HOW TO COMPLETE THIS TASK >> With pictures excluded, give again exactly the lines running from the one holding "Αυτά τα βάζα" through the end of the listing below.

GIVEN MATERIAL >>
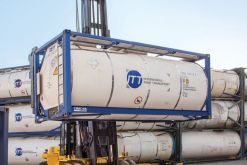 ITT se dedica al sector logístico y de transporte de contenedores tanque para líquidos a granel. / Tomada del sitio web de la empresa.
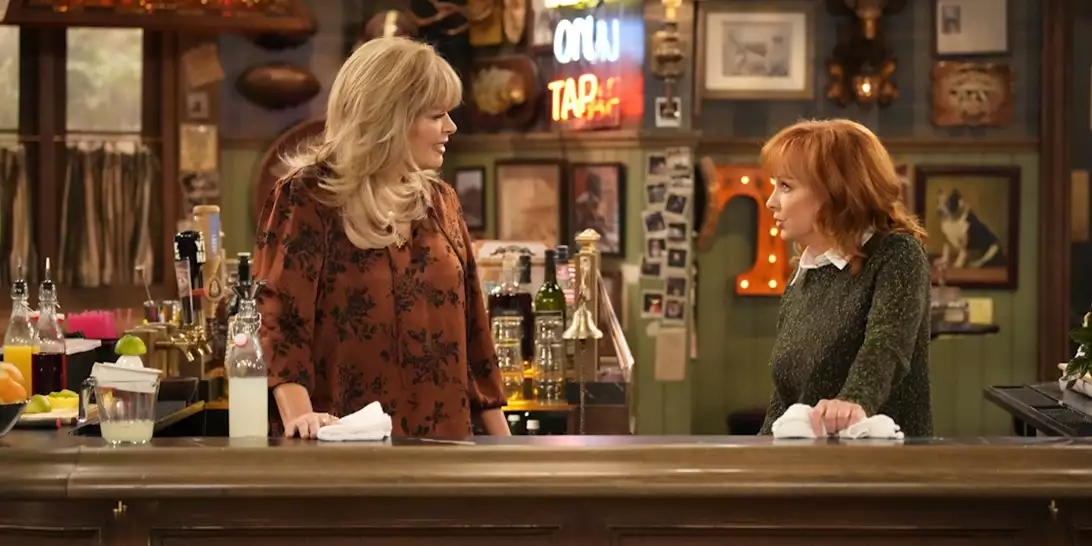 Αυτά τα βάζα της γιαγιάς που μπορεί ήδη να βρίσκονται στα ράφια σας πωλούνται σε πολύ υψηλές τιμές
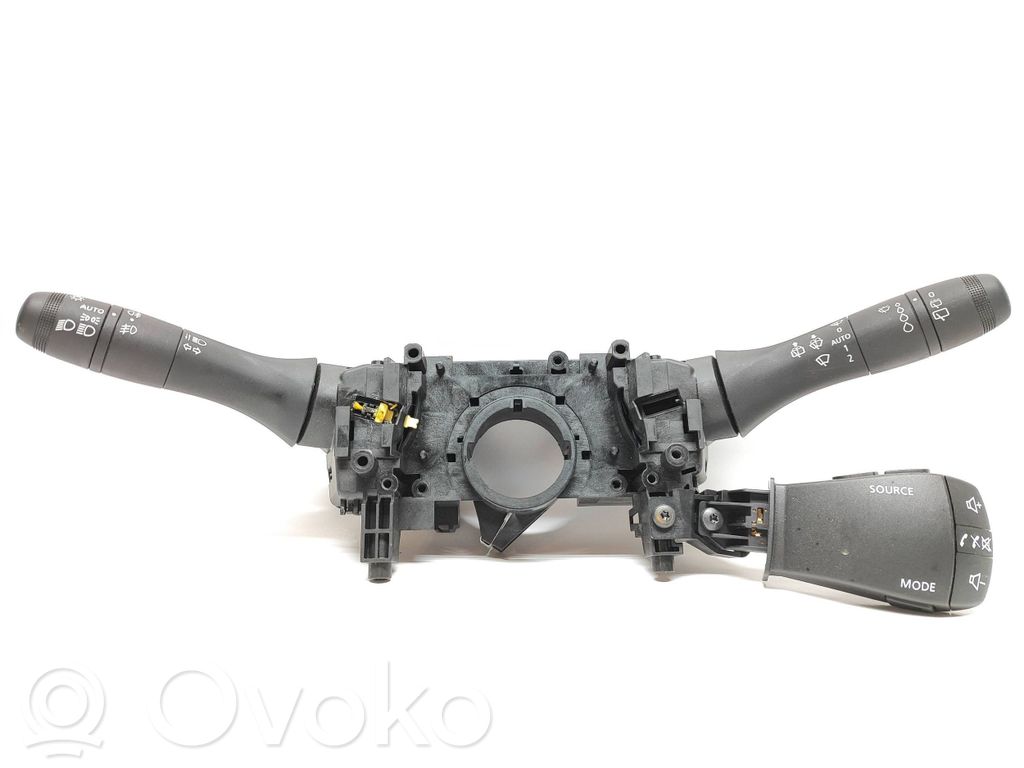 Dacia Sandero III A set of switches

ANSWER FOR THIS EXERCISE >>
 Αυτά τα βάζα της γιαγιάς που μπορεί ήδη να βρίσκονται στα ράφια σας πωλούνται σε πολύ υψηλές τιμές
 Dacia Sandero III A set of switches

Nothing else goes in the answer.